Provided information START

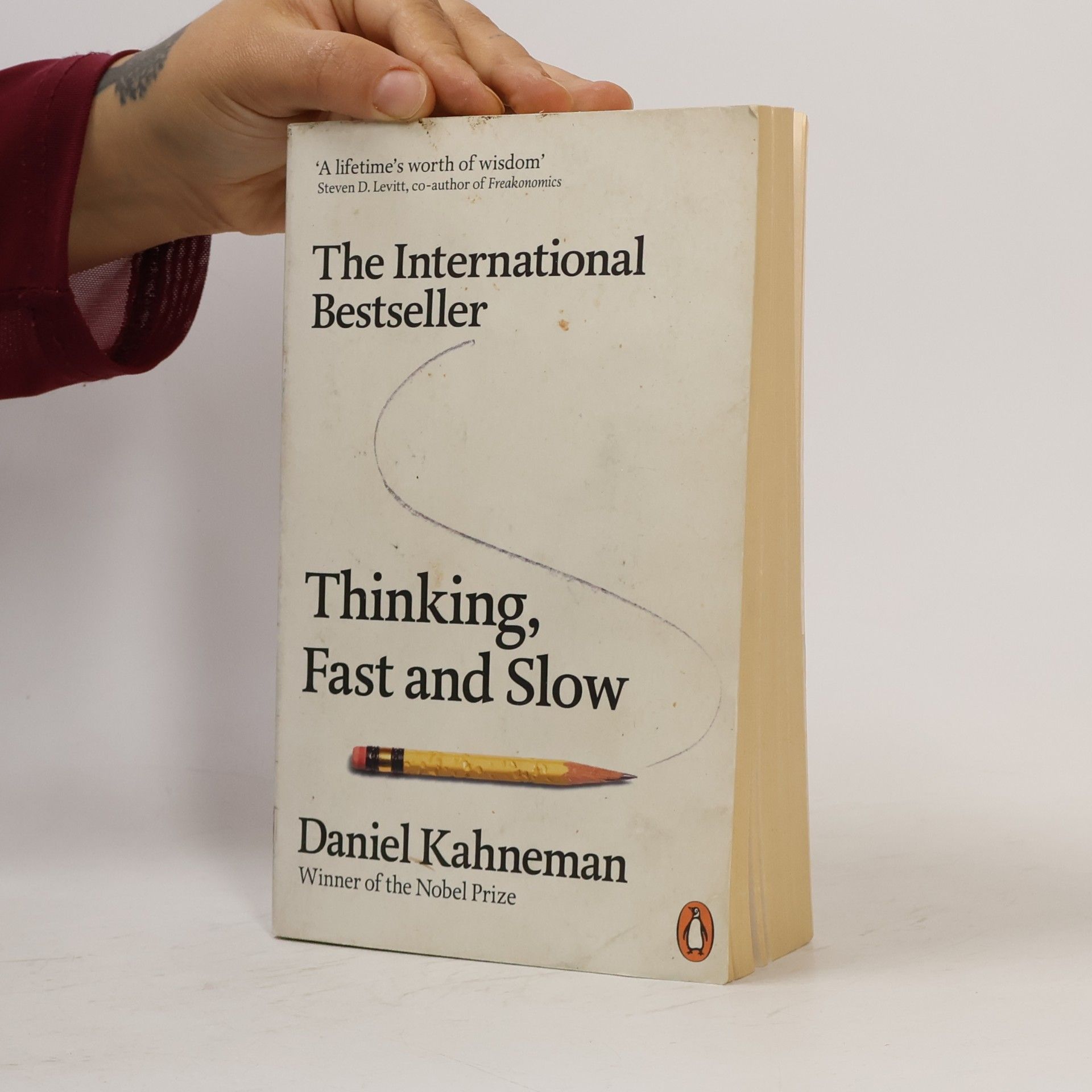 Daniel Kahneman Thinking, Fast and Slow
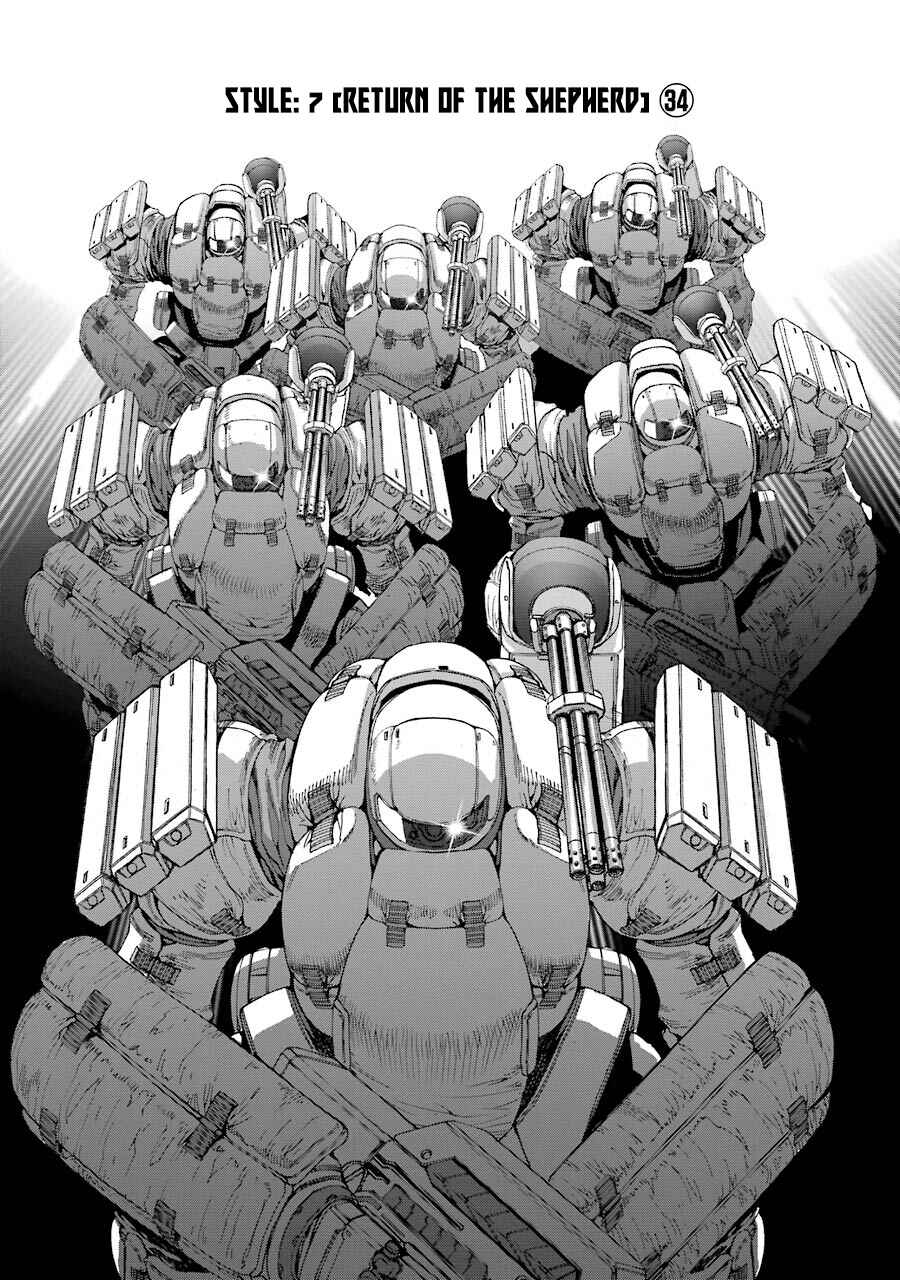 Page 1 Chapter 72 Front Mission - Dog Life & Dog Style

Provided information END
Provided information START

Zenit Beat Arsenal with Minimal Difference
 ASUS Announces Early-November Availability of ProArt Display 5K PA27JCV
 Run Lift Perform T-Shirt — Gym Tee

Provided information END

Your instructions: From the line containing "Daniel Kahneman Thinking, Fast and Slow" through the line containing "Page 1 Chapter", copy every line above exactly, without pictures.

Solution to the problem:
 Daniel Kahneman Thinking, Fast and Slow
 Page 1 Chapter 72 Front Mission - Dog Life & Dog Style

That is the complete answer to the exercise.